Reputation: 231
There are the following data:
board_href_deals items test1
0 test2 {'x': 'a'} test1
1 test2 {'x': 'b'} test2
After grouping "board_href_deals", I would like to output the existing data in a list format as follows:
board_href_deals items test1
0 test2 [{'x': 'a'}, {'x': 'b'}] ['test1', 'test2']
thank you
Upvotes: 2
Views: 69
Reputation: 164773
An alternative solution, especially on older versions of Pandas, is to use GroupBy
+ apply
on a sequence, then combine via concat
.
Benchmarking on Python 3.60 / Pandas 0.19.2. This contrived example has a small number of groups; you should test with your data if efficiency is a concern.
import pandas as pd
df = pd.DataFrame({'A': ['test2', 'test2', 'test4', 'test4'],
'B': [{'x': 'a'}, {'x': 'b'}, {'y': 'a'}, {'y': 'b'}],
'C': ['test1', 'test2', 'test3', 'test4']})

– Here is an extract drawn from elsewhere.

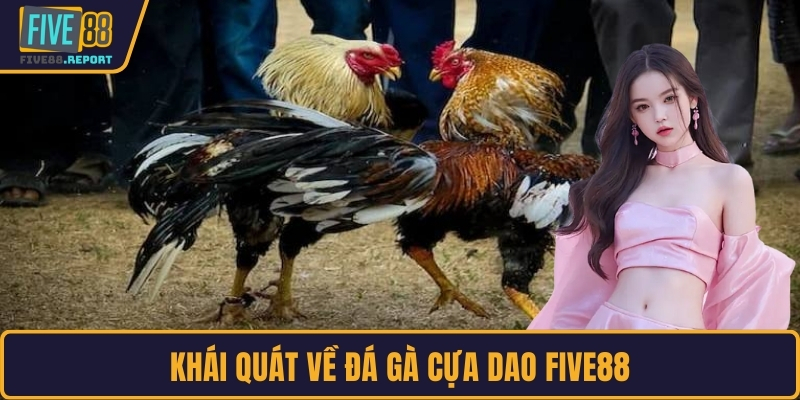 Khái quát về đá gà cựa dao FIVE88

df = pd.concat([df]*10000)
def jpp(df):
g = df.groupby('A')
L = [g[col].apply(list) for col in ['B', 'C']]
return pd.concat(L, axis=1).reset_index()
%timeit jpp(df) # 11.3 ms per loop
%timeit df.groupby('A').agg(lambda x: list(x)) # 20.5 ms per loop
Upvotes: 1
Reputation: 863196
Use DataFrameGroupBy.agg
, tested in pandas 0.23.4
:
df = df.groupby('board_href_deals', as_index=False).agg(list)
print (df)
board_href_deals items test1
0 test2 [{'x': 'a'}, {'x': 'b'}] [test1, test2]
Thank you @jpp for solution for oldier pandas:
df = df.groupby('board_href_deals').agg(lambda x: list(x))
Upvotes: 2